Thanks, @goodmami !
I think maybe described the issue in a bit confusing way, let me try to rephrase with a concrete example.
I am working with the latest ERG release, with the treebanks. There is a bunch, and the grammar has some coverage over them and some treebanked coverage. I want to use them (specifically the gold trees) for training a supertagger.
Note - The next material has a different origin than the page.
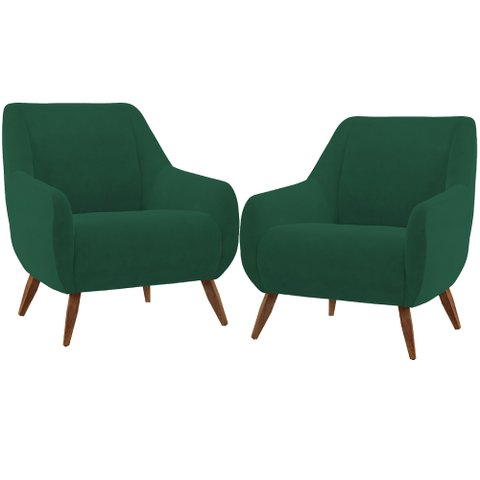Kit 02 Poltronas Decorativa Fixa Pés de Madeira Paloma D02 Veludo Verde B-303 - Lyam Decor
While looking at them, I noticed that one of them (specifically wsj23; see the link in the first post) only has stored results for the first 1000 sentences (or rather, for some of the first 100 sentences; wichever ones are covered by the grammar, I assumed). I found out from @Dan that this meant simply that he hasn’t treebanked the remaining sentences yet. So the reported coverage in redwoods.xls is somewhere in the 90% but if I load the profile say into [incr tsdb()], then it appears to be only around 32, which can be confusing. Anyway, maybe that’s fine, but I am trying to understand whether there is a robust way of telling, given a treebank and without any reparsing, was a sentence simply skipped/not treebanked yet, or is the sentence definitely not covered by the grammar. This is mainly because I want to be sure that I know what I’ve got, have the means of checking things for consistency in my own code, etc. Since looking at wsj23 was confusing, I wanted a way of making sure I can spot any other places like that.
All the potentially confusing items will have no error message associated with them (because they have been processed by ACE), unless ACE ran out of RAM.
I was hopeful about the
readings field that you mentioned but it appears all the items in wsj23 starting from item #1001 have 0 readings (even though many of them definitely will be covered by the ERG).